Secondo alcune fonti, valorizzate da Enrico Malato, "il carme / che allegrò l'ira al ghibellin fuggiasco" era stato concepito, in un primo momento, IN LATINO. Ecco l'incipit:
Ultima regna canam, fluvido contermina mundo,
spiritibus que lata patent, que premia solvunt
pro meritis cuicunque suis.
Canterò i regni più lontani, posti al di là dell'universo ruotante, / che ampi si offrono alle anime, e le premiano / ciascuna secondo i propri meriti. (trad. Giorgio Padoan)

Viator ha detto...

11 Augusti - Tertio Idus Augusti.

Sanctae Clarae Virginis, primae plantae Pauperum Dominarum Ordinis Minorum; quae ad aeternas Agni nuptias evocata est.

Morto il cardinale Martínez Somalo, ha detto...

“Grande dignità” e “solenne sobrietà”. È la fotografia delle qualità di un cardinale scattata da un Papa. Quando poco prima del 31 marzo del 2007, giorno del suo 80.mo compleanno, Eduardo Martínez Somalo, allora cardinale camerlengo di Santa Romana Chiesa, scrive a Benedetto XVI per comunicargli la rinuncia all’incarico per raggiunti limiti di età, il Papa gli invia una lettera che rivela, dietro la forma, la sostanza di una grande stima.
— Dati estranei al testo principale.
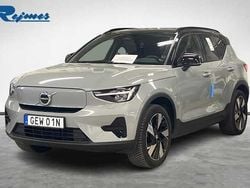 Grå Begagnad 2024 Volvo XC40 Core SUV | 398 900 kr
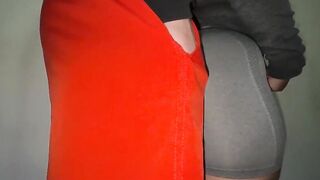 Strange pervert slides his dick into a big-assed woman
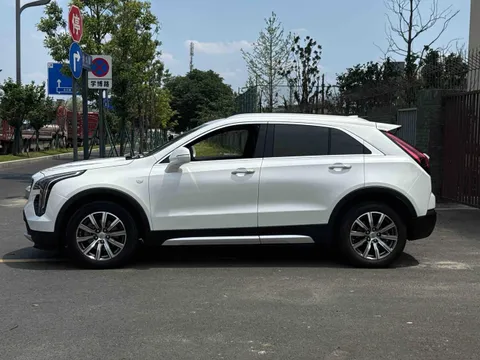 Cadillac XT4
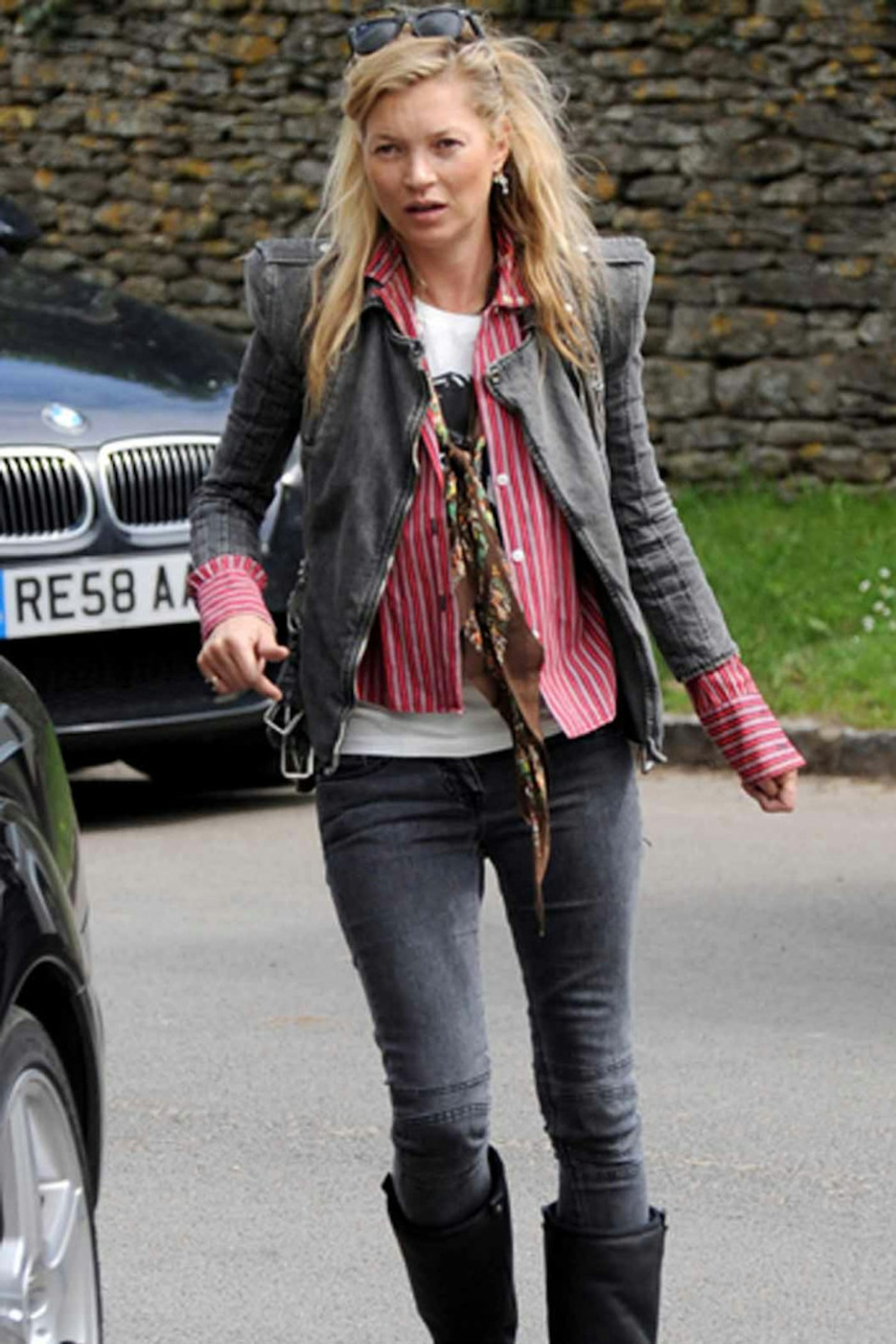 33Kate Moss style the swan denim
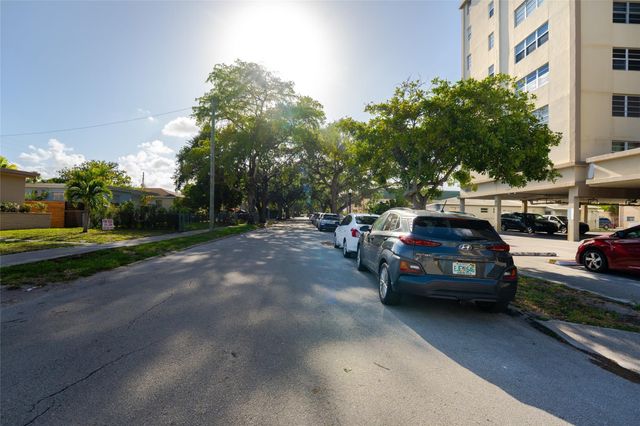 1811 Jefferson Street 304, Hollywood, FL 33020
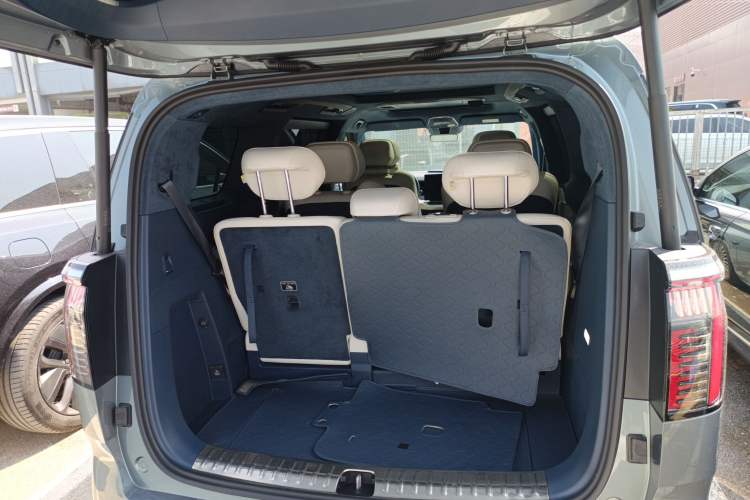 Used Zeekr 009 2024 7-Seater Walk-Through Version Four-Wheel Drive 108 kWh Trunk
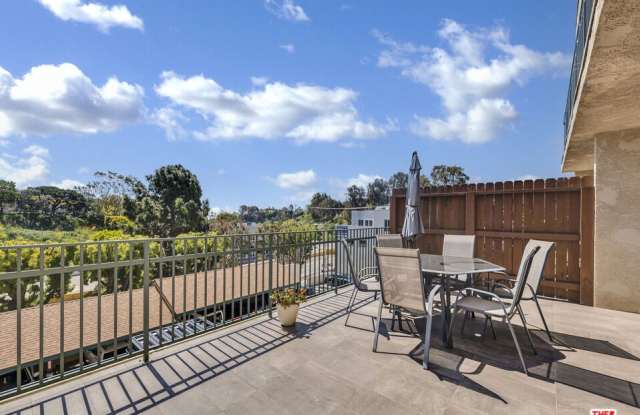 6441 Kanan Dume Rd photos photos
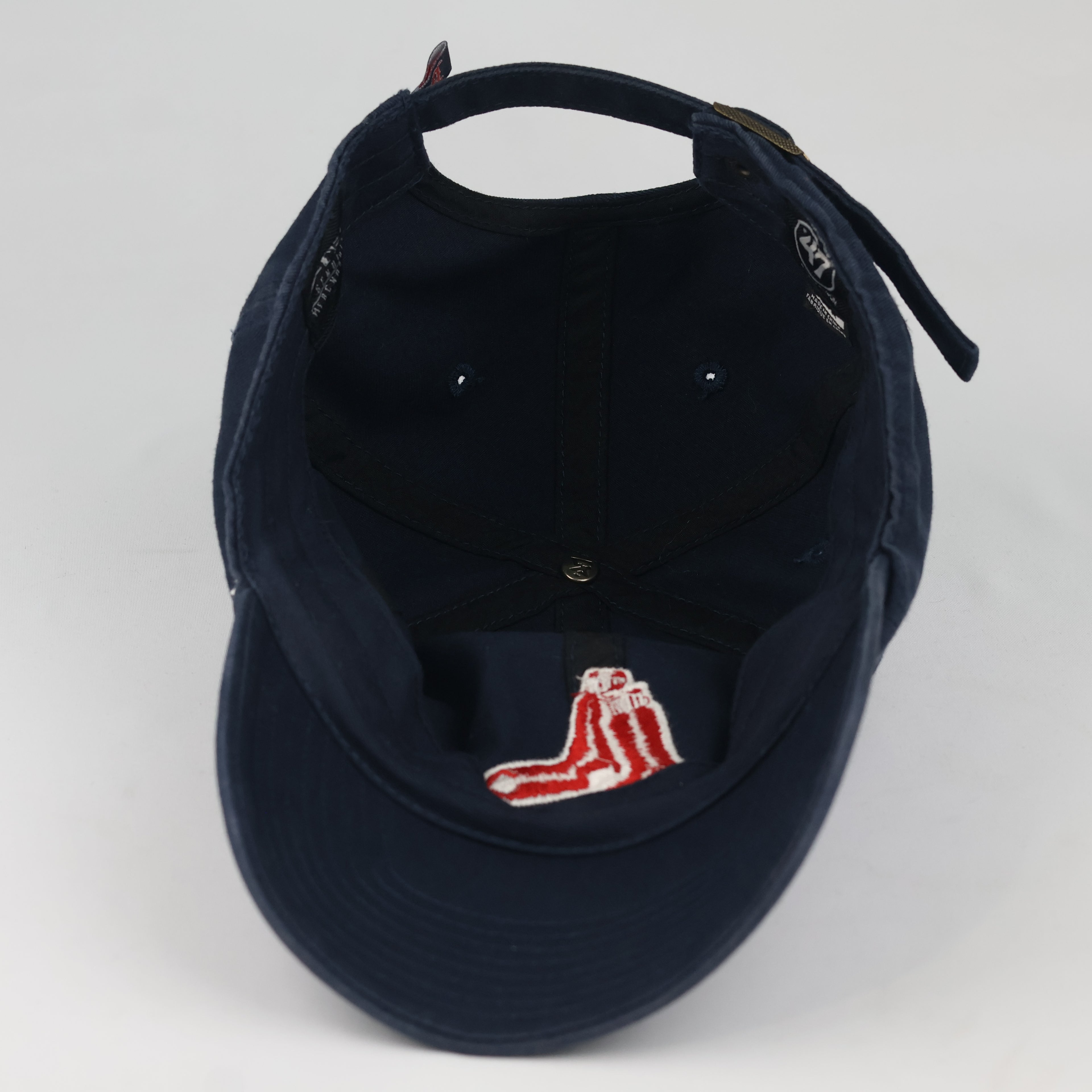 Thrifted '47 Brand MLB Boston Red Sox Embroidered Navy Cap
Il Pontefice ora emerito fa entrare in quelle poche righe, datate 4 aprile 2007, una serie di sostantivi e aggettivi – “solerzia”, “competenza”, “amore”, spesi a servizio della Santa Sede.
https://www.vaticannews.va/it/vaticano/news/2021-08/morte-cardinale-eduardo-martinez-somalo-spagna-santa-sede.html

Viator ha detto...

Se qualcuno dovesse chiedermi, come filosofa, che cosa si dovrebbe imparare al liceo, risponderei: “prima di tutto, solo cose “inutili”, greco antico, latino, matematica pura e filosofia. Tutto quello che è inutile nella vita”. Il bello è che così, all’età di 18 anni, si ha un bagaglio di sapere inutile con cui si può fare tutto. Mentre col sapere utile si possono fare solo piccole cose.